## What you will do
Return the records below in full. Keep every word exact and skip the images.

## Available data

BEGIN

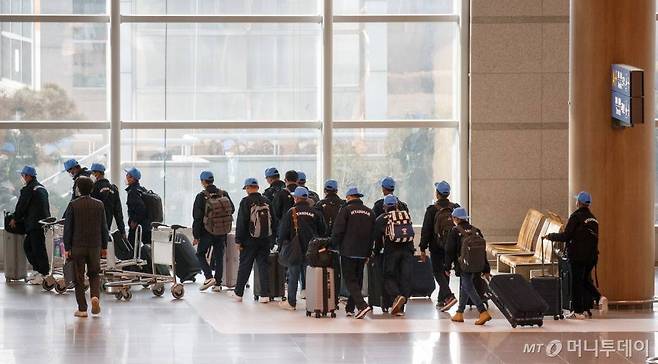 코로나19 해외 유입 확진자가 급증하고 있는 가운데 지난 1월10일 인천국제공항에 입국한 외국인 노동자들이 인솔자의 안내를 받아 이동하고 있다./사진=이기범 기자 /사진=이기범 기자 leekb@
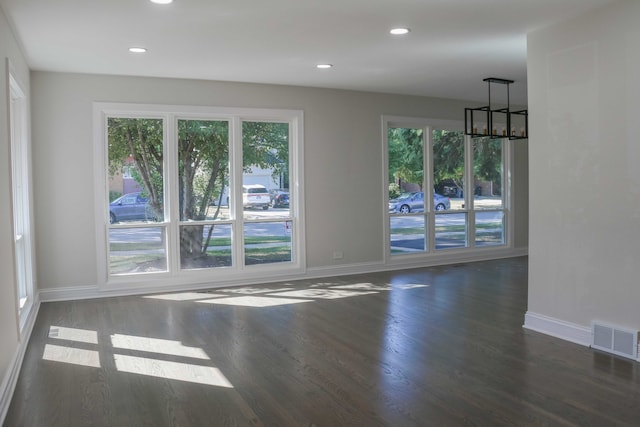 unfurnished room featuring visible vents, wood finished floors, recessed lighting, an inviting chandelier, and baseboards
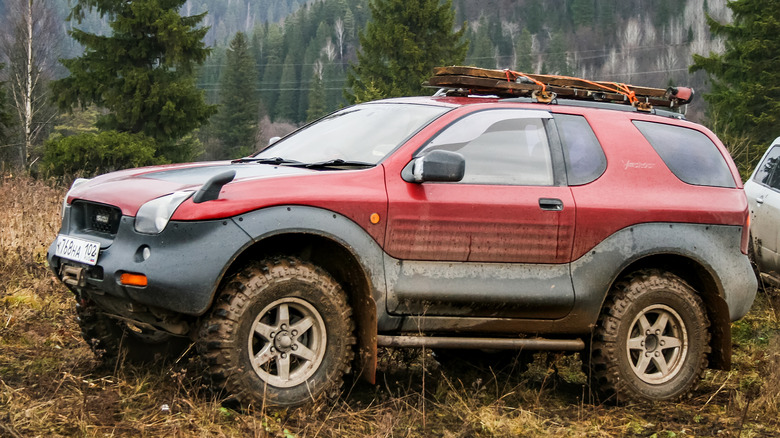 A muddy, red Isuzu VehiCross parked in a field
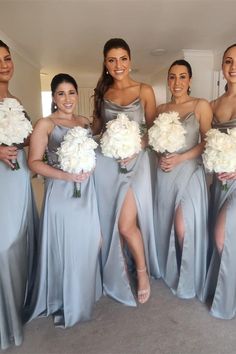 the bridesmaids are all wearing gray dresses with white flowers in their bouquets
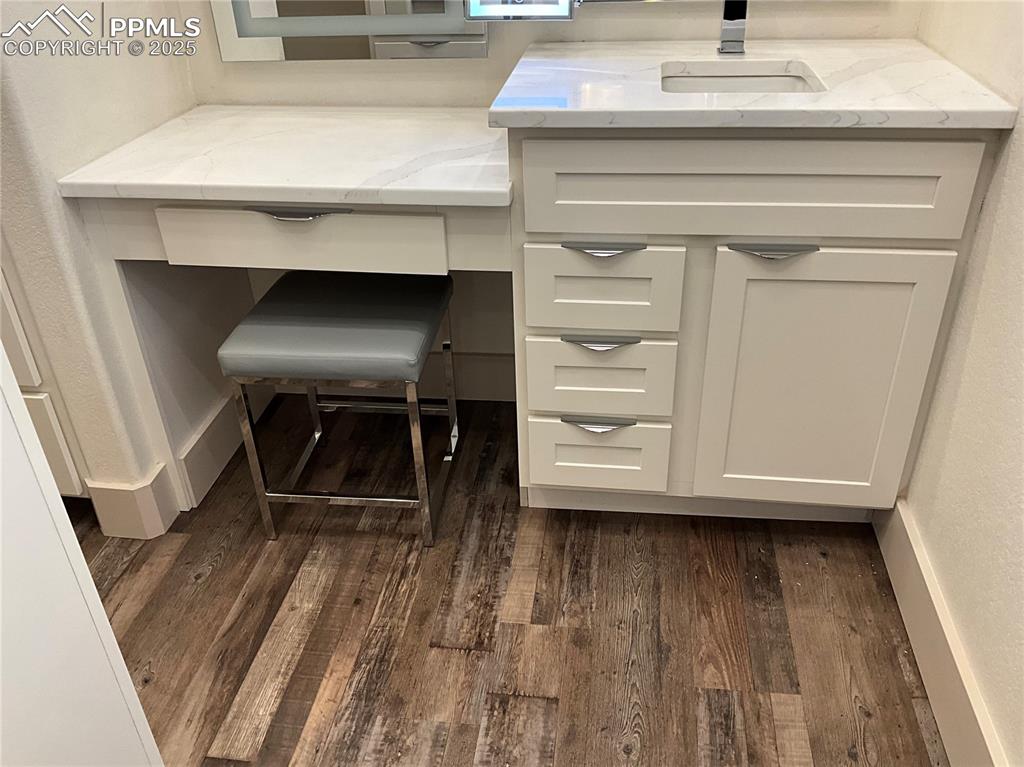 Image 21 of 50: Detailed view of sink and vanity off the bedroom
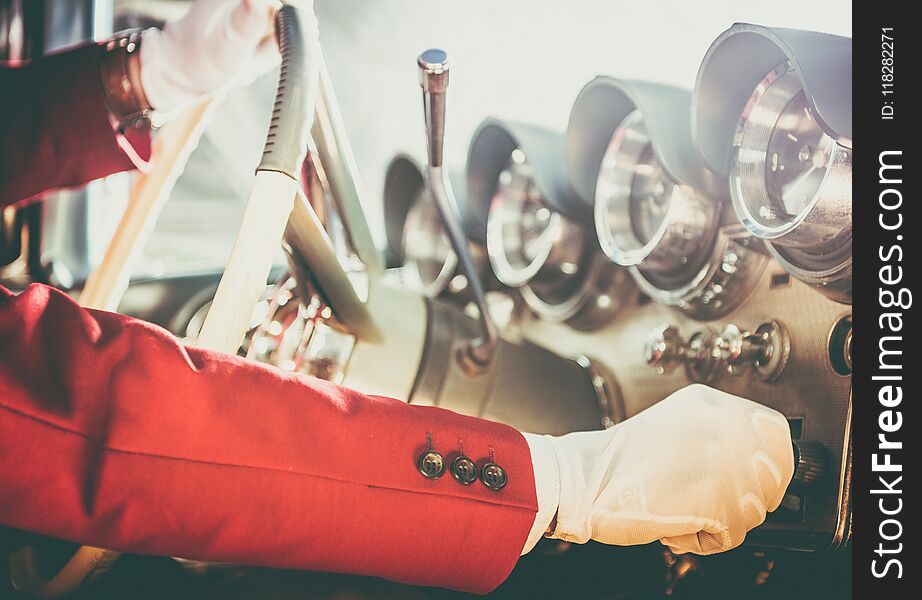 Classic Car Driving Theme. Caucasian Men Wearing White Gloves Taking Vintage Collectible Car on the Test Ride. Hand on the Steering Wheel Closeup Photo.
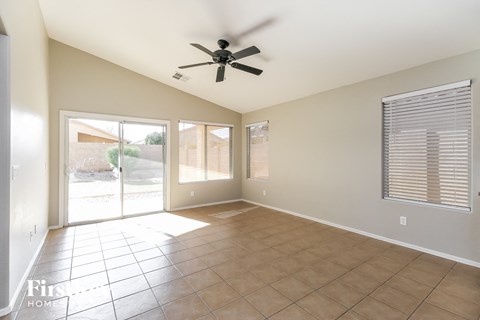 an empty living room with a ceiling fan and a sliding glass door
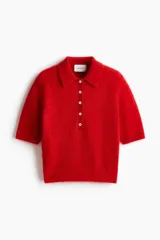 Remera polo de manga corta confeccionada en punto suave con mezcla de mohair y lana, color rojo, con cuello clásico, tapeta con botones frontales y ribetes acanalados.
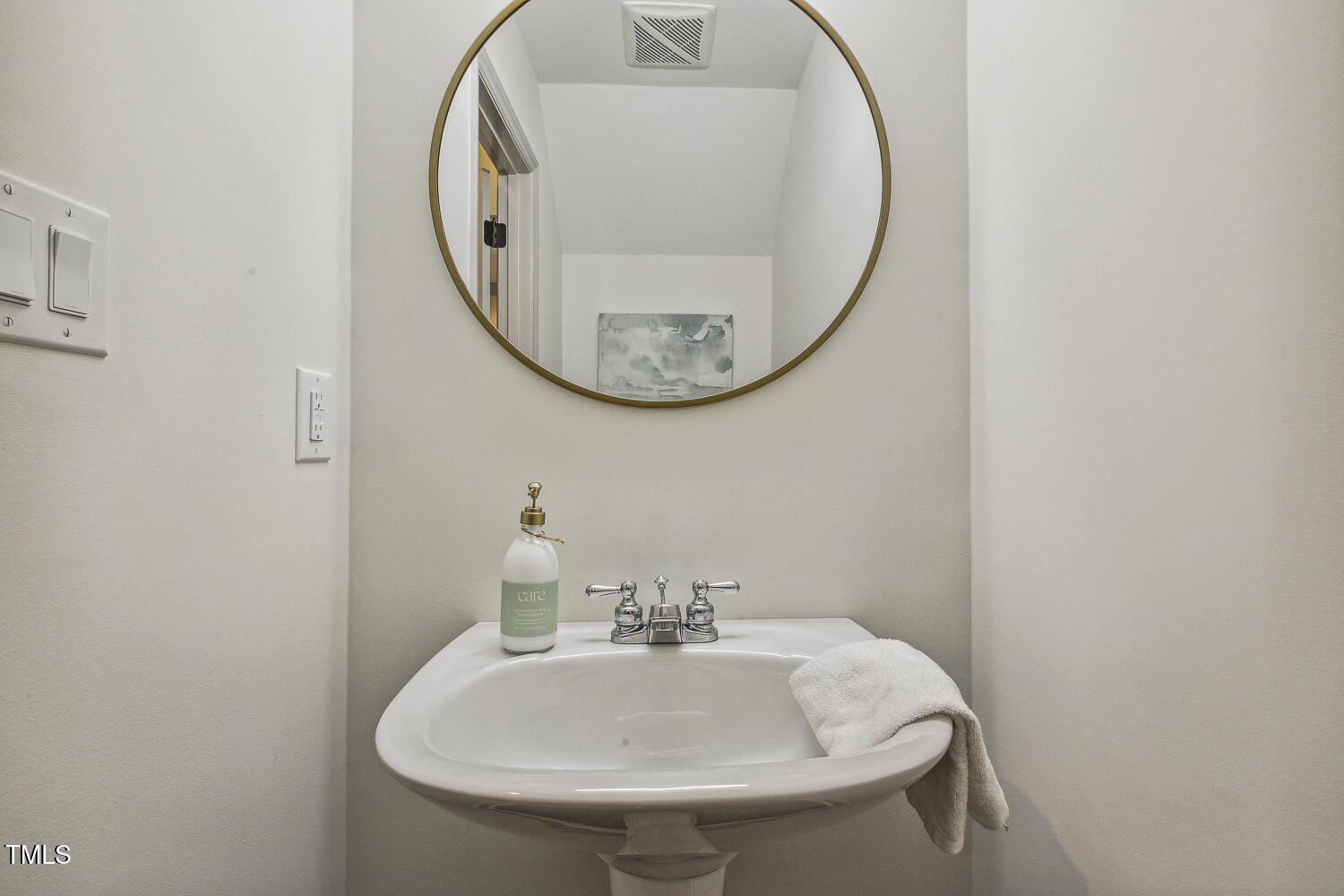 5402 Goldenglow Way Raleigh, NC 27606 - Photo 20 of 44 a bathroom with a sink and a mirror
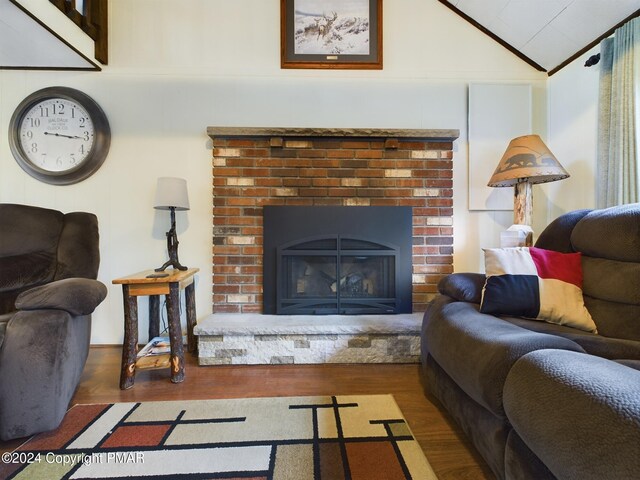 living room featuring lofted ceiling, dark wood-type flooring, and a brick fireplace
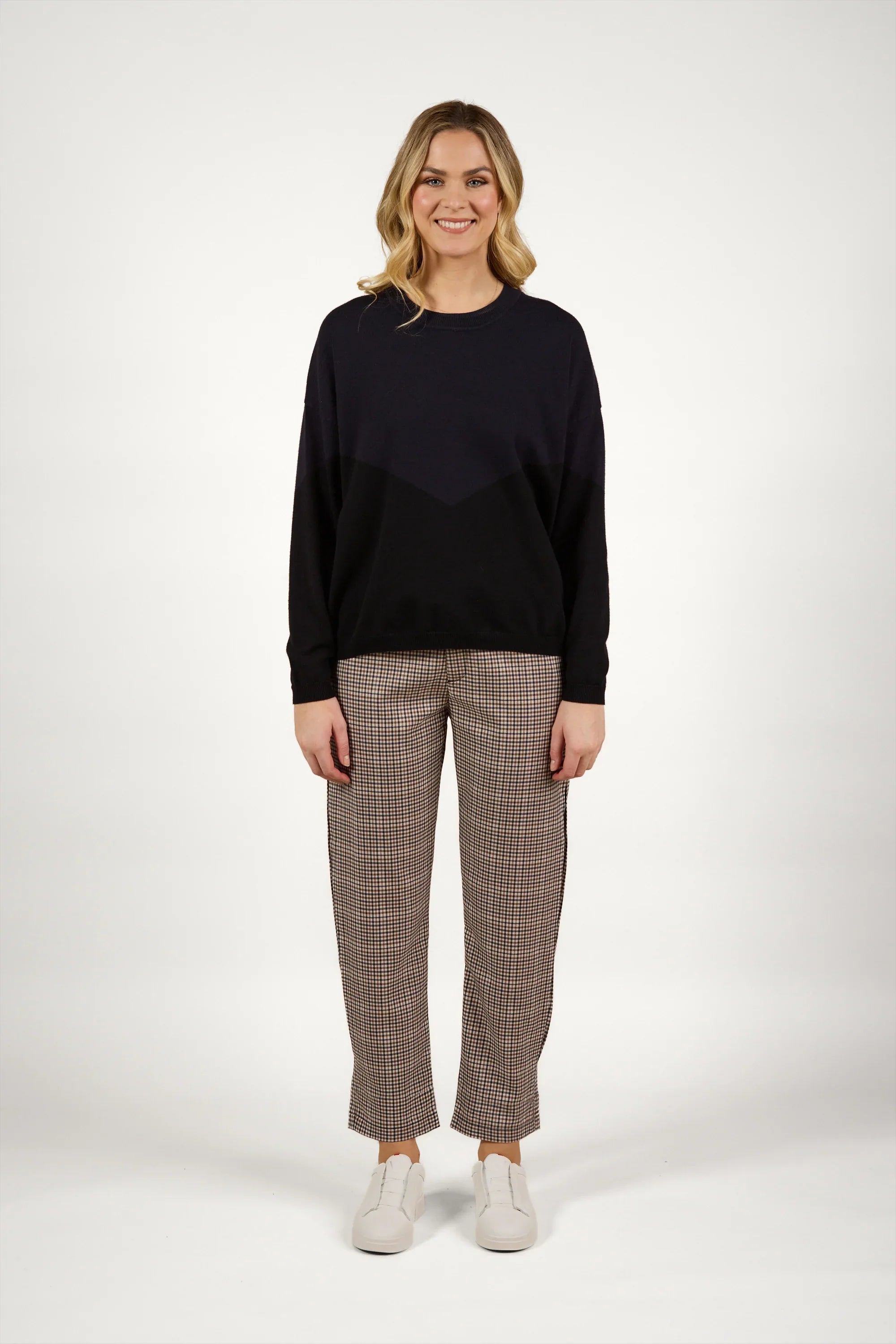 Woman wearing a black knit sweater with checkered pants and white sneakers standing against a plain background.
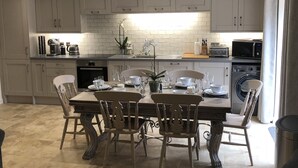 A modern kitchen with white cabinets, a dining table set for four, and a washing machine. - Camerton Inn Cottage (Bath)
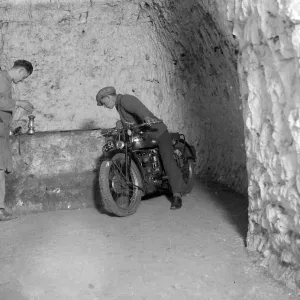 Motorcycle in caves at Chislehurst, Kent. Mushroom growing. 1934 Motorcycle in caves at Chislehurst, Kent. Mushroom growing. 1934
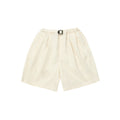 Kappy's Two Tuck Wide Half Pants in light beige feature front pleats, side pockets, and a black buckle belt, shown on a white background.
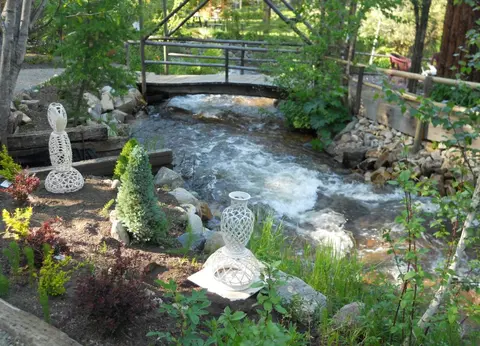 A small footbridge crosses a rushing stream in a garden with decorative white pottery sculptures.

END

## Solution below
 코로나19 해외 유입 확진자가 급증하고 있는 가운데 지난 1월10일 인천국제공항에 입국한 외국인 노동자들이 인솔자의 안내를 받아 이동하고 있다./사진=이기범 기자 /사진=이기범 기자 leekb@
 unfurnished room featuring visible vents, wood finished floors, recessed lighting, an inviting chandelier, and baseboards
 A muddy, red Isuzu VehiCross parked in a field
 the bridesmaids are all wearing gray dresses with white flowers in their bouquets
 Image 21 of 50: Detailed view of sink and vanity off the bedroom
 Classic Car Driving Theme. Caucasian Men Wearing White Gloves Taking Vintage Collectible Car on the Test Ride. Hand on the Steering Wheel Closeup Photo.
 an empty living room with a ceiling fan and a sliding glass door
 Remera polo de manga corta confeccionada en punto suave con mezcla de mohair y lana, color rojo, con cuello clásico, tapeta con botones frontales y ribetes acanalados.
 5402 Goldenglow Way Raleigh, NC 27606 - Photo 20 of 44 a bathroom with a sink and a mirror
 living room featuring lofted ceiling, dark wood-type flooring, and a brick fireplace
 Woman wearing a black knit sweater with checkered pants and white sneakers standing against a plain background.
 A modern kitchen with white cabinets, a dining table set for four, and a washing machine. - Camerton Inn Cottage (Bath)
 Motorcycle in caves at Chislehurst, Kent. Mushroom growing. 1934 Motorcycle in caves at Chislehurst, Kent. Mushroom growing. 1934
 Kappy's Two Tuck Wide Half Pants in light beige feature front pleats, side pockets, and a black buckle belt, shown on a white background.
 A small footbridge crosses a rushing stream in a garden with decorative white pottery sculptures.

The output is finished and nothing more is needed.